In Eager, environmental journalist Ben Goldfarb reveals that our modern idea of what a healthy landscape looks like and how it functions is wrong, distorted by the fur trade that once trapped out millions of beavers from North America’s lakes and rivers. The consequences of losing beavers were profound: streams eroded, wetlands dried up, and species from salmon to swans lost vital habitat. Today, a growing coalition of “Beaver Believers” recognizes that ecosystems with beavers are far healthier, for humans and non-humans alike, than those without them. From the Nevada deserts to the Scottish highlands, Believers are now hard at work restoring these industrious rodents to their former haunts. Eager is a powerful story about one of the world’s most influential species, how North America was colonized, how our landscapes have changed over the centuries, and how beavers can help us fight drought, flooding, wildfire, extinction, and the ravages of climate change.
May 9, 2019
Wilcox, Christie. Venomous: How Earth's Deadliest Creatures Mastered Biochemistry. 2016. 256pp
Molecular biologist Wilcox investigates venoms and the animals that use them, revealing how they work, what they do to the human body, and how they can revolutionize biochemistry and medicine today. He takes us from the coast of Indonesia to the rain forests of Peru in search of the secrets of these mysterious animals. We encounter jellyfish that release microscopic venom-packed darts known to kill humans in just two minutes, a two-inch caterpillar with toxic bristles that trigger hemorrhaging throughout the body, and a stunning blue-ringed octopus with saliva capable of inducing total paralysis. How could an animal as simple as a jellyfish evolve such an intricate, deadly poison? And how can a snake possess enzymes that tear through tissue yet leave its own body unscathed? Wilcox meets the scientists who often risk their lives studying these lethal beasts to find out, and puts her life on the line to examine these species up close. She also shows how venom is helping us untangle the complex mechanisms of some of our most devastating diseases.
June 13, 2019
Jasanoff, Alan. The Biological Mind: How Brain, Body, and Environment Collaborate to Make Us Who We Are. 2018. 304 pp.

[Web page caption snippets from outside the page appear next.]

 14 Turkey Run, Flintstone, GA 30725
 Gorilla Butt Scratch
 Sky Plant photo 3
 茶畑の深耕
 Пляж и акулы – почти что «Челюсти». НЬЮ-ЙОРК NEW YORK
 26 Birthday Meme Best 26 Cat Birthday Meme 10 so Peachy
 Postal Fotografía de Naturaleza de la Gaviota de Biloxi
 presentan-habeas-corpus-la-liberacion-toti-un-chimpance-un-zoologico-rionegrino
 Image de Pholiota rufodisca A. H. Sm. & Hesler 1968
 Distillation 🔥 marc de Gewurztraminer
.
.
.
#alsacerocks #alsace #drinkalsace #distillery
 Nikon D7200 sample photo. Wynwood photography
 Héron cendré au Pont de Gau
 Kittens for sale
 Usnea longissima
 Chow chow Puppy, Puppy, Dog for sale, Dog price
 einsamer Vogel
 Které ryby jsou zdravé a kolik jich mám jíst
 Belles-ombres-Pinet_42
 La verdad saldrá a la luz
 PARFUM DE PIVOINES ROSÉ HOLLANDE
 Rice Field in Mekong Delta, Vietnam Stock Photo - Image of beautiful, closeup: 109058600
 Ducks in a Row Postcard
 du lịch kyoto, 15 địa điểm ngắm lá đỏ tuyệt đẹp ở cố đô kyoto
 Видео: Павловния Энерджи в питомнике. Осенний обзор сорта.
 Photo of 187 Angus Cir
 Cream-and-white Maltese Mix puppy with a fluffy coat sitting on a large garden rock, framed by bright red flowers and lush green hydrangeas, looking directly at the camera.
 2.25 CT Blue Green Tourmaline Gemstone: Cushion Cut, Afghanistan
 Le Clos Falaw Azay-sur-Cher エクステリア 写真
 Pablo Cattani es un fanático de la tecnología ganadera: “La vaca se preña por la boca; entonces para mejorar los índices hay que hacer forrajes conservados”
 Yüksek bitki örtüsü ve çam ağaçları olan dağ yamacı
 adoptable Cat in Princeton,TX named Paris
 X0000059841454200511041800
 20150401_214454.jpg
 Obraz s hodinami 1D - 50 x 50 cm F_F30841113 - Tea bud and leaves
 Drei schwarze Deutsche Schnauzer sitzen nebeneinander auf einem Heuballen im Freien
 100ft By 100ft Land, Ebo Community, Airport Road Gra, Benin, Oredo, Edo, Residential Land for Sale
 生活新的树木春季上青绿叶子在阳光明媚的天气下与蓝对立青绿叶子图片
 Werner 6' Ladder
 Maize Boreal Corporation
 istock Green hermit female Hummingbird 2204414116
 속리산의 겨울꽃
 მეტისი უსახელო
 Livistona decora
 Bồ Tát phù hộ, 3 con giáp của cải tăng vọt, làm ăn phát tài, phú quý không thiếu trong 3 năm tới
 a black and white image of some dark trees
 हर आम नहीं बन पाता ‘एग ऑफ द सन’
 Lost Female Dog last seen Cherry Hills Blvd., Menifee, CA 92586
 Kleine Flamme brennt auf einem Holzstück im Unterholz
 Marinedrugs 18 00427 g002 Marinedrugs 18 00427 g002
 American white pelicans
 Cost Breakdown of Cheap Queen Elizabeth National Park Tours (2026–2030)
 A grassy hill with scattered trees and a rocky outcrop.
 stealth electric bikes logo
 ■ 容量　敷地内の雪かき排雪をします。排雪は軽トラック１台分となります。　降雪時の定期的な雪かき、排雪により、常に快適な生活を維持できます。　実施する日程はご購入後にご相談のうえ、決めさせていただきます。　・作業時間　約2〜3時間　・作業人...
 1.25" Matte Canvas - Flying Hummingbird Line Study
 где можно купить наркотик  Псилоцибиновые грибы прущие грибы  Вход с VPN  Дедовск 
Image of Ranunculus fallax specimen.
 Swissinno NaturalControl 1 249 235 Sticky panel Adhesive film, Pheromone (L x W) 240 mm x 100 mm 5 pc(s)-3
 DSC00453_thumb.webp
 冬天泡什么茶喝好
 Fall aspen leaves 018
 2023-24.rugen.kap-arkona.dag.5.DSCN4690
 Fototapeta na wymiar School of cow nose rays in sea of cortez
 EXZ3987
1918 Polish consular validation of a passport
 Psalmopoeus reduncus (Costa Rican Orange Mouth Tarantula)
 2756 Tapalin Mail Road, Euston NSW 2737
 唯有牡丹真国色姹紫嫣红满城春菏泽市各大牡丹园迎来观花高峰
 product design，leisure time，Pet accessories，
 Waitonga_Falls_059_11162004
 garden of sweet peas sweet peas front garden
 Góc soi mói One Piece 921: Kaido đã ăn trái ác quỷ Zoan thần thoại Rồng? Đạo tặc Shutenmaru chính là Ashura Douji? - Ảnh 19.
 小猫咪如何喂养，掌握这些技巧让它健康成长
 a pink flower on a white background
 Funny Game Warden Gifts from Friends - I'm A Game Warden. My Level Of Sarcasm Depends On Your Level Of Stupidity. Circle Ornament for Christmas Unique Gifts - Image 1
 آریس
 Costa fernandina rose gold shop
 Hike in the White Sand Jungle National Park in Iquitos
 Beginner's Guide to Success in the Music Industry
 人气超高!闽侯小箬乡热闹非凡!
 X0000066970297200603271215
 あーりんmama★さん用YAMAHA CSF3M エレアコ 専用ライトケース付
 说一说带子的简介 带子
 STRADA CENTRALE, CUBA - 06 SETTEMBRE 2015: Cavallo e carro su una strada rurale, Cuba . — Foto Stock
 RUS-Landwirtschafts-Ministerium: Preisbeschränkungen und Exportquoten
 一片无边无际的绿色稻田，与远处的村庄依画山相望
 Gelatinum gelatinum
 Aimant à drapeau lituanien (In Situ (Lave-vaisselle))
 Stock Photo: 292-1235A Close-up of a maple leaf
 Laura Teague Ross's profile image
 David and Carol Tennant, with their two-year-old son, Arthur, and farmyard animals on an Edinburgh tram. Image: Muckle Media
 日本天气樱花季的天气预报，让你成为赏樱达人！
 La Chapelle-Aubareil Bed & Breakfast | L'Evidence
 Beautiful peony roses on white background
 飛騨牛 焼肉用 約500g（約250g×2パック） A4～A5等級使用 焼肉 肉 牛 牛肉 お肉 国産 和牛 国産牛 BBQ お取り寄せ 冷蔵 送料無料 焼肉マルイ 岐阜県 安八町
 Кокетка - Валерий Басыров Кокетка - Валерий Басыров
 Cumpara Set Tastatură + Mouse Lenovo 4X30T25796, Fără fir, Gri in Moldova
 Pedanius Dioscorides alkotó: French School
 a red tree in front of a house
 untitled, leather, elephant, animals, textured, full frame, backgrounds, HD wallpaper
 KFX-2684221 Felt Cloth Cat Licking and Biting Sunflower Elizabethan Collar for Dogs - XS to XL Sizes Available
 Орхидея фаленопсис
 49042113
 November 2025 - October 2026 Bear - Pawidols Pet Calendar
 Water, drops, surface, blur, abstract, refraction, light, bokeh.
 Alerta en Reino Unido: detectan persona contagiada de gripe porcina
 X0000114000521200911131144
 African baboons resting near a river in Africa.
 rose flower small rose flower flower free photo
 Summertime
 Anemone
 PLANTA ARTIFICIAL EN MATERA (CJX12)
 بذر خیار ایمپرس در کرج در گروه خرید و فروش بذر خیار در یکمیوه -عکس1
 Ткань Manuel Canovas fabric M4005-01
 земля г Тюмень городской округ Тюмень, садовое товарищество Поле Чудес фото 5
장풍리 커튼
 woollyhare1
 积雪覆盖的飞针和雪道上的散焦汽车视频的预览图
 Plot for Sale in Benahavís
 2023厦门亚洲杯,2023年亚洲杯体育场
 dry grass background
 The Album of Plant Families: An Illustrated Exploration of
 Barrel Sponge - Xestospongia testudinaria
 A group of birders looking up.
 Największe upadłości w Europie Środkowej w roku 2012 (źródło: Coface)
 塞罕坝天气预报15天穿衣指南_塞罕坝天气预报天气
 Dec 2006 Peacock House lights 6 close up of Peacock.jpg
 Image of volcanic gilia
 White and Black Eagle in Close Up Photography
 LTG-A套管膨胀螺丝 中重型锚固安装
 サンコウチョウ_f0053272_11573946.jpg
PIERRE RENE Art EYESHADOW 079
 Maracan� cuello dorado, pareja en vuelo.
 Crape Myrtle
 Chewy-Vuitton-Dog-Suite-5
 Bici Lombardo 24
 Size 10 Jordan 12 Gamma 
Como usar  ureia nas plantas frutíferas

To many, the brain is the seat of personal identity and autonomy. But the way we talk about the brain is often rooted more in mystical conceptions of the soul than in scientific fact. This blinds us to the physical realities of mental function. We ignore bodily influences on our psychology, from chemicals in the blood to bacteria in the gut, and overlook the ways that the environment affects our behavior, via factors varying from subconscious sights and sounds to the weather. As a result, we alternately overestimate our capacity for free will or equate brains to inorganic machines like computers. But a brain is neither a soul nor an electrical network: it is a bodily organ, and it cannot be separated from its surroundings. Our selves aren't just inside our heads--they're spread throughout our bodies and beyond. Only once we come to terms with this can we grasp the true nature of our humanity.